Full Session Recording

Recording and listening to entire phone calls or sessions can be costly in terms of time required, but can reveal issues that may not otherwise present themselves. For instance, if users are getting frustrated and quitting the application, this can be obvious when the entire call is heard in context but may not be clear if only individual interactions are heard.

"Wizard of Oz" Interactions

The most time-intensive form of usability testing involves using "Wizard of Oz" interactions. These involve a person "behind the curtain" listening to live users interacting with the system in real time. The Wizard, who can be thought of as the automated system in the background, listens to the human talk to the system and then inputs the user's choice through another mechanism (usually by putting an entry into a form using a mouse and keyboard on the back-end). In this sense, the human is replacing the speech recognizer and trying to determine the clarity of prompts and the range and wording of responses (this was also the subplot of an episode of Seinfeld where Kramer erroneously provided movie start times by reading a newspaper).

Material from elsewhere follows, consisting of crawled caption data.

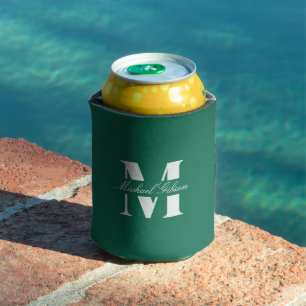 Porta-lata Esmeralda Verde Casamento de Monograma Personali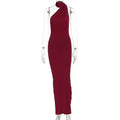 Damen Elegantes Maxikleid mit innovativem Wickeldesign und asymmetrischem Halterhals R&B
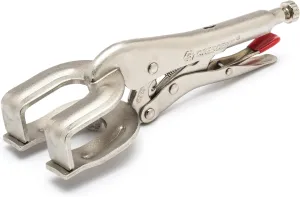 Crescent Locking C-Clamp with Swivel Pad Tips - Heavy-Duty Adjustable Clamp with Hex Key Recess & Compound Action - C11CCSVN - 11", Red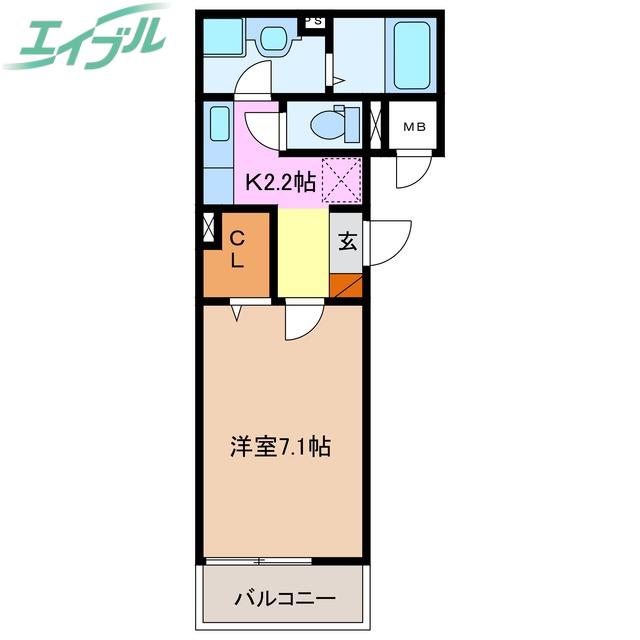 ヒカルサ四日市西浜田(1K/2階)の間取り写真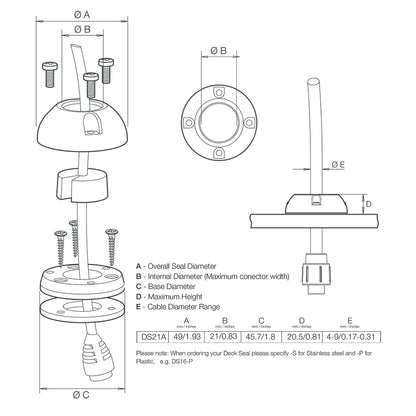 Scanstrut DS21A-P Vertical Cable Seal [DS21A-P] | Wire Management by Scanstrut 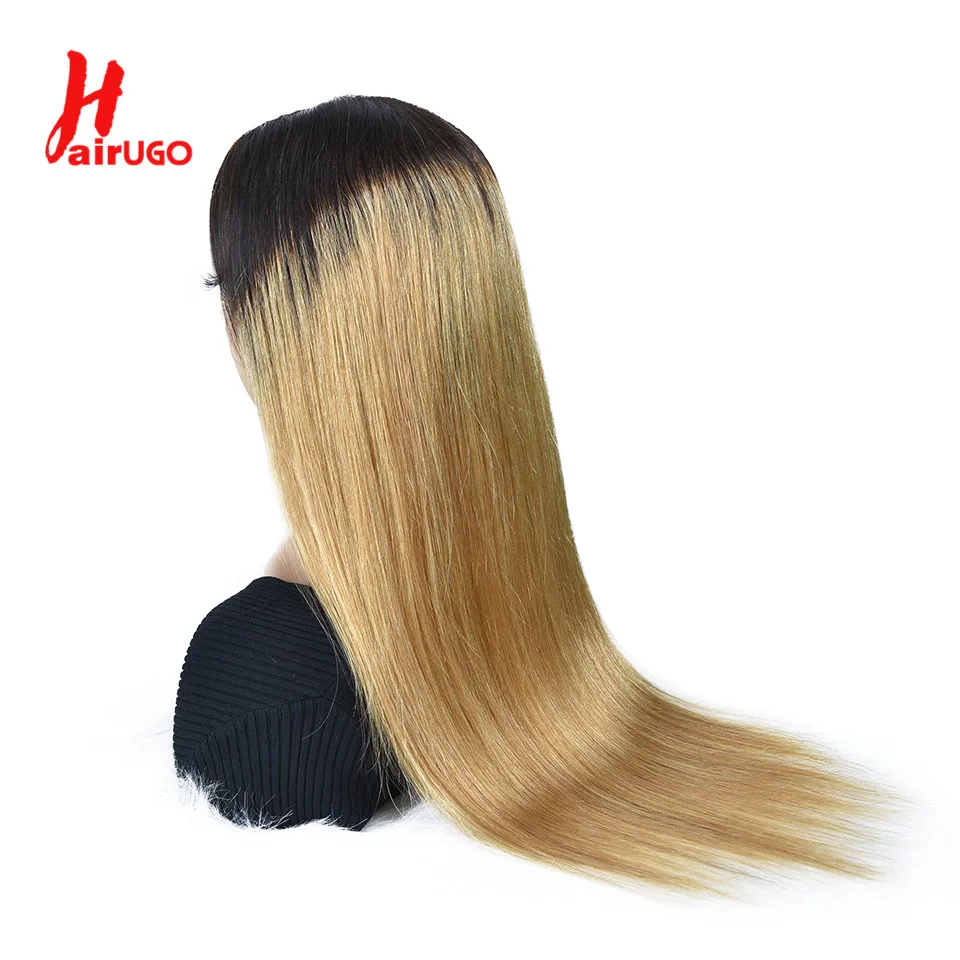 HairUGo T1B/27 Straight Lace Front Human Hair Wigs Colored 13x4 Lace Front Wigs For Women Preplucked Remy 4x4 Lace Closure Wigs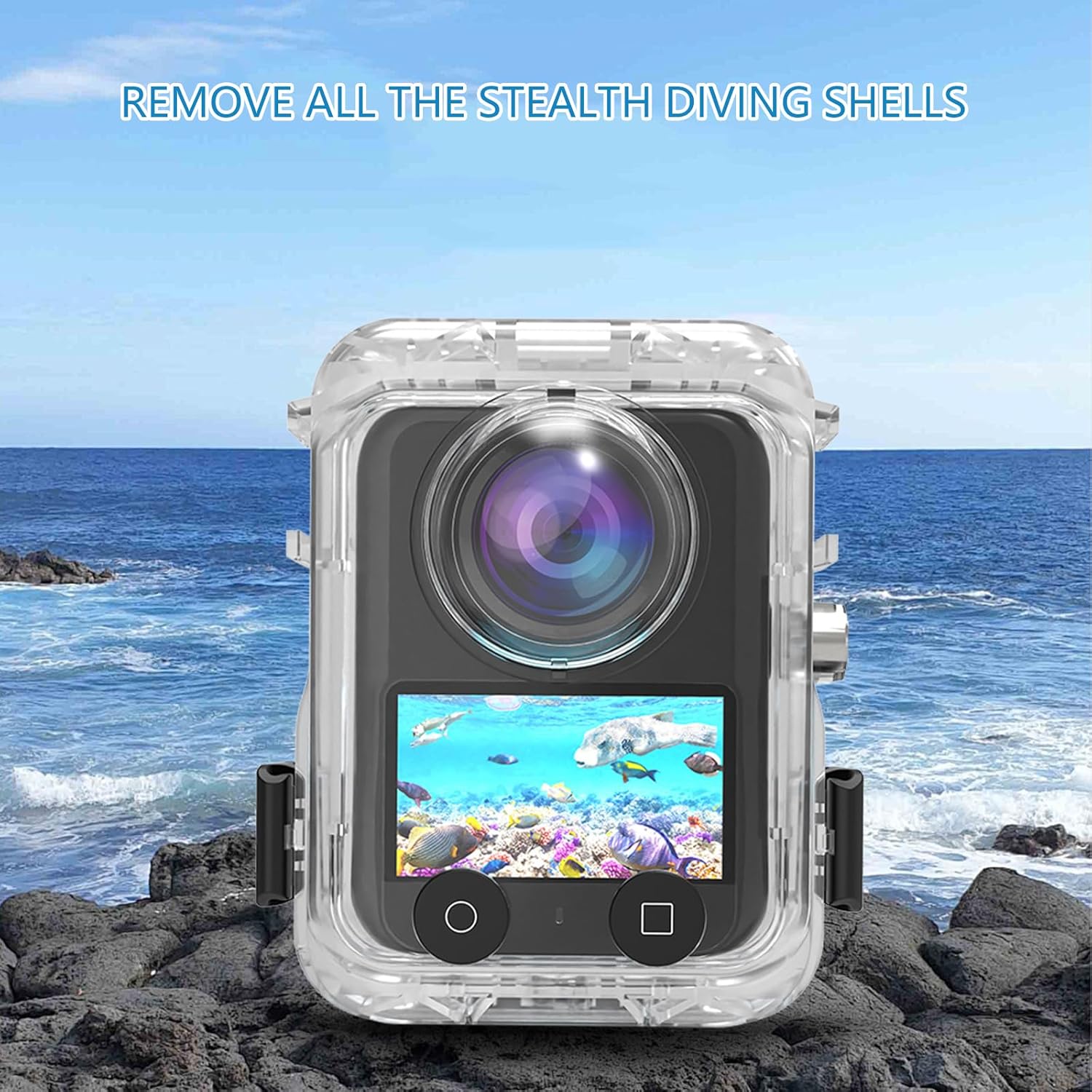 Dive Housing for 360 Action Cameras 40m with Secure and Storage Bag Underwater Photography Case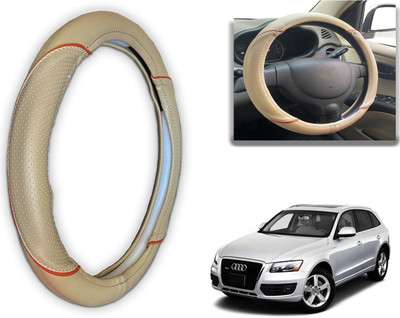 PEEPS STORE Steering Cover For Audi Q3(Black, Red, Leatherite)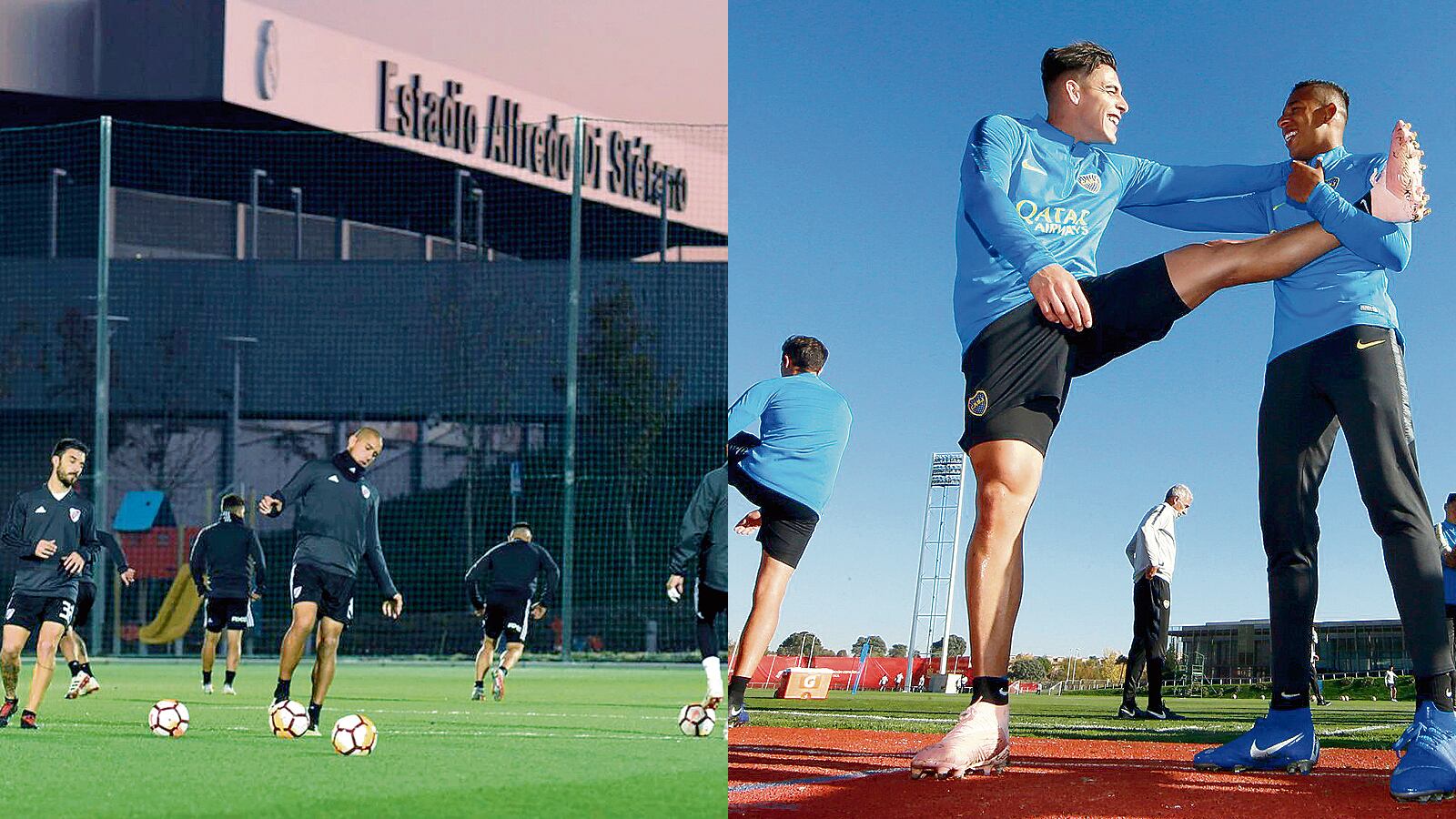 Los jugadores de River y Boca se entrenaron cada uno en predios diferentes en Madrid.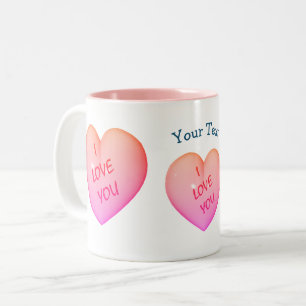 I Love You Pink Hearts Personalised Two-Tone Coffee Mug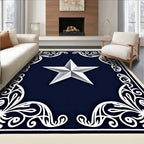 Classic Navy White Star Medallion Rug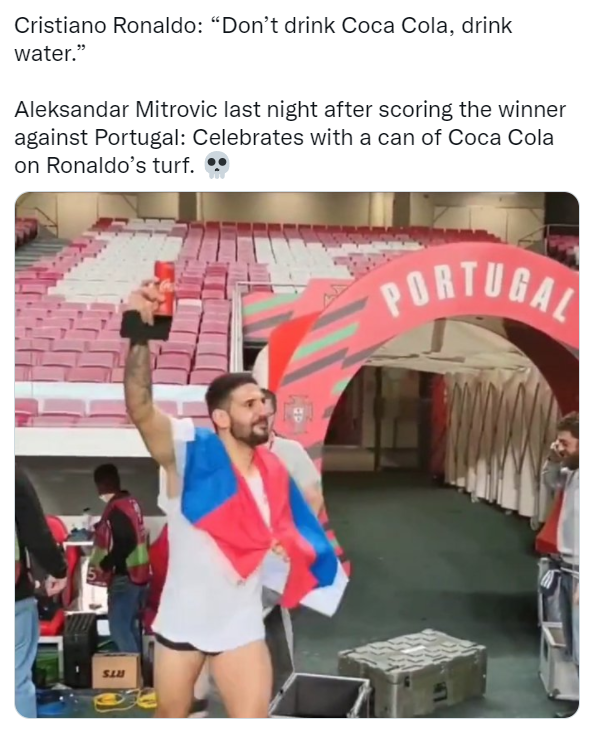 I am not one of those die-hard fans of Christiano Ronaldo but maybe this Mitrovic guy should wait 9 years when he gets to Christiano's age before raising that can of Coke.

Using the Wizard of Oz model is a good mechanism for testing a dialog design before much programming or grammar design has been done. It allows the intended UX to be evaluated against actual users instead of just testers, since the system will still appear to work correctly and not upset paying customers who may not otherwise appreciate beta testing a new speech recognition system.


The best testing plan for speech applications will combine the methods above or will be a variation of one or more of them. When collecting user feedback on a speech application, it's usually a good idea to capture response files at the same time in order to perform more in-depth speech tuning. Full recordings should be enabled when doing Wizard of Oz testing, and so on. These methods will allow the designer to understand how real-world users interact with a speech system, and provide instructive input for improving and enhancing the quality of the dialog design.

More generally, the same testing methodologies can also be adapted to other types of user interfaces outside of speech recognition. This includes the UX for web transactions, web chat, call center scripting, kiosk interfaces, and other systems where user input may be open ended or require semantic interpretation. The more real world testing that can be performed prior to building a system, the closer the launched product will serve its intended purpose right out of the gate, and the less rework will be required.